Some are questions they'd actually pose to you. Others, like #35, are rhetorical questions they'll ask themselves.

The more questions you can answer throughout this process, the more successful the employee will be.

The First 10 Questions

We begin with a set of very high-level questions one would ask when trying to decide whether they want to join a particular company:
  • Who are you?
  • What do you make/sell?
  • Why should I work there?
  • What is the corporate culture like?
  • What kinds of people work there?
  • What skills are necessary for success?
  • How competitive is your total compensation package?
  • What is your company's reputation, and are you an ethical company?
  • Where are you located?
  • What will having you on my resume mean for me in the future?

The Second Set

The next 10 represent questions one might ask if they're interested:

  • How can I learn more?
  • Where can I find your financial data?
  • Where are you located? Where can I find your open jobs?
  • How do I navigate your website?
  • Where can I hear from current employees?
  • What current corporate-wide initiatives are taking place?
  • Have you dealt with any major shake-ups, scandals, litigation, etc.?
  • How is your organization set up (reporting structure)?
  • What is this company most proud of? What is their heritage?
  • Who is your customer?

The Third Set

These questions ask very specific questions about your company's interviewing process:

  • How do I bid on a job?
  • What kind of interviews do you conduct?
  • How do I get to the facility? Where do I stay?
  • How much detail can I find in your brochures/website?
  • How can I get more detail about the topics that interest me?
  • How much information do you require from me, and when do you want it?
  • Where can I find detailed benefits information?
  • How will you compensate me for leaving my current situation?
  • How competitive is your relocation package?
  • Who in your company knows I'm interviewing?
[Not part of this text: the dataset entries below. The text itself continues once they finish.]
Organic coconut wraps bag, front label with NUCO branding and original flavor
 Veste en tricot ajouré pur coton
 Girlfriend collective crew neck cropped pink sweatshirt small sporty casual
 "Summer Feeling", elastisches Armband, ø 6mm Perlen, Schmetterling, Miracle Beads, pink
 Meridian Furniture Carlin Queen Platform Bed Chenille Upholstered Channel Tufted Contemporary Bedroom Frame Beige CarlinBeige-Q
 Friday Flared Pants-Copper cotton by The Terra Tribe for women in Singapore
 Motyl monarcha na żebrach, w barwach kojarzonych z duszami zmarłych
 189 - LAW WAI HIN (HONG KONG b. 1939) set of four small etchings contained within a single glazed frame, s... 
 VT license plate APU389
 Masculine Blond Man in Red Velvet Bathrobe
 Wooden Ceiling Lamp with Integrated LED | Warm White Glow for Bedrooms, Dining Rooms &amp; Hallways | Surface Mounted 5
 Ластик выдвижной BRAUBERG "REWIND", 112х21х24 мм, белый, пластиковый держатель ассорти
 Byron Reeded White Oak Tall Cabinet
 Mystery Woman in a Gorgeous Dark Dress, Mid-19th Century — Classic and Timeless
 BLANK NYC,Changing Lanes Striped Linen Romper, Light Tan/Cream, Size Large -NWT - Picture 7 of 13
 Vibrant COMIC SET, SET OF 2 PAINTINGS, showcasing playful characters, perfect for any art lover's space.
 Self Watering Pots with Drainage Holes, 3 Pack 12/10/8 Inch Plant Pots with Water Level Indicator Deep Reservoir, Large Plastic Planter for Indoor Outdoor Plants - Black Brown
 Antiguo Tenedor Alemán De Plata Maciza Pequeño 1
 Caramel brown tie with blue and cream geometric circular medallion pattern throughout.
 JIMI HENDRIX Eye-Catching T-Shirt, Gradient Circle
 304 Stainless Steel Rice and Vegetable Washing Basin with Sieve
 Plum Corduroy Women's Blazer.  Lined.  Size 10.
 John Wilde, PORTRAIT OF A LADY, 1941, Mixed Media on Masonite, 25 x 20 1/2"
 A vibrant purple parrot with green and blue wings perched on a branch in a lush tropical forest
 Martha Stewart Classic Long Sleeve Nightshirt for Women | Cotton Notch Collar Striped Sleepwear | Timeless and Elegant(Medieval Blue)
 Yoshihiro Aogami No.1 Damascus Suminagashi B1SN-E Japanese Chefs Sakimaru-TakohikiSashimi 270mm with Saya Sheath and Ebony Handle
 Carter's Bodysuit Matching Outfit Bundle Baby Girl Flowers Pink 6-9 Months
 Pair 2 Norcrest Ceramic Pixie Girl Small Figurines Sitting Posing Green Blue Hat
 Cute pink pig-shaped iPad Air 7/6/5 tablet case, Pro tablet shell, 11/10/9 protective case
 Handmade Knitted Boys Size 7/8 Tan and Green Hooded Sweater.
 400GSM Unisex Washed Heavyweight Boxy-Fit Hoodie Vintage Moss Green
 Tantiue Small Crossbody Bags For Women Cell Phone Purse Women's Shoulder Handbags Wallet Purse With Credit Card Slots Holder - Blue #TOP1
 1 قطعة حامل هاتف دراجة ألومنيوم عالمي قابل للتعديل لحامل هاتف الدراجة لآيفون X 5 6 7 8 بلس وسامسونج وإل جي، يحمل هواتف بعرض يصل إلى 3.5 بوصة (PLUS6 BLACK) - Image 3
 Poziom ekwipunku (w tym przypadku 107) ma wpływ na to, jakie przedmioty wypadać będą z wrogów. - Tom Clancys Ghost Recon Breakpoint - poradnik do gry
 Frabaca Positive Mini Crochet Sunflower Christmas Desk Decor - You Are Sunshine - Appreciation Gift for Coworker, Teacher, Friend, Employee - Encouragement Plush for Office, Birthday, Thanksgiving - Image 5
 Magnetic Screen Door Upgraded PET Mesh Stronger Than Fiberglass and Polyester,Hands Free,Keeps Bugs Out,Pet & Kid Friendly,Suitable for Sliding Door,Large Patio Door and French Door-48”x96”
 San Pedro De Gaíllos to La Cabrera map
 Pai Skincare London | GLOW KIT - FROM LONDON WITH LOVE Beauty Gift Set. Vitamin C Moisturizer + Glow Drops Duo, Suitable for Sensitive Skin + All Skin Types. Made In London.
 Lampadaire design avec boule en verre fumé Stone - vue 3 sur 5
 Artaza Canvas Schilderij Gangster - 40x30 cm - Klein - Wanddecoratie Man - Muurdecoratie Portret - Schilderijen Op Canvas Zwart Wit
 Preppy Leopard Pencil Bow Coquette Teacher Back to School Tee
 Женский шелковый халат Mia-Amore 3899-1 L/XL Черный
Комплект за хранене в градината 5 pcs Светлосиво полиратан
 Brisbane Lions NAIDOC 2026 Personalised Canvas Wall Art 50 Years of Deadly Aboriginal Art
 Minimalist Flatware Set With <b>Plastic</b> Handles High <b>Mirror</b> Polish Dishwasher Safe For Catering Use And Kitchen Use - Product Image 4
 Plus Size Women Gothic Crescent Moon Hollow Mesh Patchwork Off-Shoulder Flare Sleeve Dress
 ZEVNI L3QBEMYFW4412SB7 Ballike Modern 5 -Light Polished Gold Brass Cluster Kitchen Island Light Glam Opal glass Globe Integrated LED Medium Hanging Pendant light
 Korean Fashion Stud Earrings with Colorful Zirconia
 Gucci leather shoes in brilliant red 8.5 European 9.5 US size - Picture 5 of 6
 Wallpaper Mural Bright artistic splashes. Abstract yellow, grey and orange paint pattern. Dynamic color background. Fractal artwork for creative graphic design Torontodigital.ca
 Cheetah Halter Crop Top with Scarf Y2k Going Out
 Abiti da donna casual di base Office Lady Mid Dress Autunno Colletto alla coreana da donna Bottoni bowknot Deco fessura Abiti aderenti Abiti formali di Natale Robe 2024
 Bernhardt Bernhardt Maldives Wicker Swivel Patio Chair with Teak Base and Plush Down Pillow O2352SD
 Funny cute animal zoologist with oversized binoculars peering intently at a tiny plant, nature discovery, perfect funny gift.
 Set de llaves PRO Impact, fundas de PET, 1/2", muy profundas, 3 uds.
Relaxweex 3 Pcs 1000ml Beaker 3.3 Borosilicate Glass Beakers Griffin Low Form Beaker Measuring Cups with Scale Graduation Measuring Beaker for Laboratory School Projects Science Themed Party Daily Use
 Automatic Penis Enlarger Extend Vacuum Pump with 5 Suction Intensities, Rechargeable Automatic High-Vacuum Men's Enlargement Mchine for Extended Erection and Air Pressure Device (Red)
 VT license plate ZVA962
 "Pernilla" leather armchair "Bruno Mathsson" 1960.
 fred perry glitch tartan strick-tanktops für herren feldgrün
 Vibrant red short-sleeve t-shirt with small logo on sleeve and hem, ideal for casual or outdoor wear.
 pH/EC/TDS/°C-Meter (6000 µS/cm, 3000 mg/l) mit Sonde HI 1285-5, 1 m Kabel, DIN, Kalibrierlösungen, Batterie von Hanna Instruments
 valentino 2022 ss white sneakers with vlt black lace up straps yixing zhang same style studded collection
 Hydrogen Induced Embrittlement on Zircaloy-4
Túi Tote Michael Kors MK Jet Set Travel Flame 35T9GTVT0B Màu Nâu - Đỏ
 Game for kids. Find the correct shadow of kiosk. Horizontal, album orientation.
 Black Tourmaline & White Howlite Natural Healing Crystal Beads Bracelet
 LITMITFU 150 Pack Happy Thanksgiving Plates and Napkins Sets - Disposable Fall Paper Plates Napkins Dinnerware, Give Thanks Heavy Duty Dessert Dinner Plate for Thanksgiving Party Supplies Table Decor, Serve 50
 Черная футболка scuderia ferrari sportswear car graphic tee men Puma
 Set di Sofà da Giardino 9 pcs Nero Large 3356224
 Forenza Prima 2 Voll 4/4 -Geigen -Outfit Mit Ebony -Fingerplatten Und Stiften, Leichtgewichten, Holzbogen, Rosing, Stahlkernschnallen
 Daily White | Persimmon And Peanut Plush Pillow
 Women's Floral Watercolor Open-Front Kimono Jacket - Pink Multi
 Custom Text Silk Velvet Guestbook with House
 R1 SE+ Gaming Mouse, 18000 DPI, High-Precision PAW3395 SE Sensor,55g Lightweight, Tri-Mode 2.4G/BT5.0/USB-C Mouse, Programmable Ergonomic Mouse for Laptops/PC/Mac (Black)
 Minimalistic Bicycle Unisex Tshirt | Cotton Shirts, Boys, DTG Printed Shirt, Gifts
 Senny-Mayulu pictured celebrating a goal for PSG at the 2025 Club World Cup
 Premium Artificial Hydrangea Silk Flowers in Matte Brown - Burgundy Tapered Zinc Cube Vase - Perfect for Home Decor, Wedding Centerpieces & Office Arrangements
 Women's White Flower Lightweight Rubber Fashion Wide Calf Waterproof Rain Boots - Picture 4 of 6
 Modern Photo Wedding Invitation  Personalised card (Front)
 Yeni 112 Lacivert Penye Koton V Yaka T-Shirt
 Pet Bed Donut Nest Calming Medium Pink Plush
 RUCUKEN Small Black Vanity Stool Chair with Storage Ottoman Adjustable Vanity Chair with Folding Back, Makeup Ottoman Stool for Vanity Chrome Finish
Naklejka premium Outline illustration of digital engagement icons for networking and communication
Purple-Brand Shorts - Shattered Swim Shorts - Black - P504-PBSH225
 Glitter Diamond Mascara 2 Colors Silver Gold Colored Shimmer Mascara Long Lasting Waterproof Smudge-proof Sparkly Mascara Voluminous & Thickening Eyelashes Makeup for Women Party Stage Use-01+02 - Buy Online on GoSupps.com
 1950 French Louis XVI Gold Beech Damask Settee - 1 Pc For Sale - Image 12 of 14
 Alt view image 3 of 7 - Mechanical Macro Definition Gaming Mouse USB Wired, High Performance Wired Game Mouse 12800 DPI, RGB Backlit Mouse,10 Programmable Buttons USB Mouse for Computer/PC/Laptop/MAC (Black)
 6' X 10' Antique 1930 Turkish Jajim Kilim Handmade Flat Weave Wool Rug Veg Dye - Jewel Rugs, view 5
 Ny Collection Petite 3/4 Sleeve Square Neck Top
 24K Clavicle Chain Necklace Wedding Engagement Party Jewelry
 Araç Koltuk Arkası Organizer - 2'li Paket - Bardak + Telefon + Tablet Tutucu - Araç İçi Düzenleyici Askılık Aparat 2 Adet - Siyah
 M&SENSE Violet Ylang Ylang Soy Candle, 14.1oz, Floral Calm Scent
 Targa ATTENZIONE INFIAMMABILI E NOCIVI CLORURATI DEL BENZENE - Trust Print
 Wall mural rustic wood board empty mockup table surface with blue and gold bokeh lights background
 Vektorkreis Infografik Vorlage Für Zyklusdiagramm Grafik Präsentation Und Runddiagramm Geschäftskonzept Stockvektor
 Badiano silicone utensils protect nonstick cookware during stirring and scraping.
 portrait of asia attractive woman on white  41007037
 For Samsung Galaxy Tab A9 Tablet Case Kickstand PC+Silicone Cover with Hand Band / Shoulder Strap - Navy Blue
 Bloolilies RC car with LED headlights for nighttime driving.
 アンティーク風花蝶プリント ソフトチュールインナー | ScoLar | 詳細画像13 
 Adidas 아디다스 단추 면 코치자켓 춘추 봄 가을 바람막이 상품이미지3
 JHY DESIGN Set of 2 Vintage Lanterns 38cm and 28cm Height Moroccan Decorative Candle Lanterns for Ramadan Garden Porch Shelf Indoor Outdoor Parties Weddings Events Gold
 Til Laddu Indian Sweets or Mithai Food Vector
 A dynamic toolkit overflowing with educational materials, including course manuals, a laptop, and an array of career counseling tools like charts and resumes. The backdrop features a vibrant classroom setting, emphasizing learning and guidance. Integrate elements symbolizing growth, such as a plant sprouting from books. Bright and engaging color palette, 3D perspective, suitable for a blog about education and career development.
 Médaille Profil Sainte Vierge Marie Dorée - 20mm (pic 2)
Is this job search on the radar screen of senior leaders?

The Fourth Set

The remaining questions represent the hesitation so many job-seekers feel upon recalling past recruitment horror stories:

  • When will I hear back?
  • How many interviews will I have? How many return trips?
  • What will drive my compensation package? Will you be flexible or tell me "That's what it pays, take it or leave it"?
  • If this isn't a fit, will you respect me by telling me in person?
  • Will your background process treat me with dignity?
  • How long will it take to get my reimbursement?
  • Will you value my time?
  • Will you pressure me into a decision?
  • Did you only introduce me to people you thought I'd like?
  • Will I feel like you respected me at the end of the process?

Believe it or not, I've got 60 more questions (all 100 will be in your November Journal of Corporate Recruiting Leadership). Those 60 questions cover the onboarding process, how an employee can add value once hired, how they can prosper as leaders, how they can leave their mark on the organization, and how they can attract more great employees.

Answering the 40 questions above, however, should keep you plenty busy for the time being!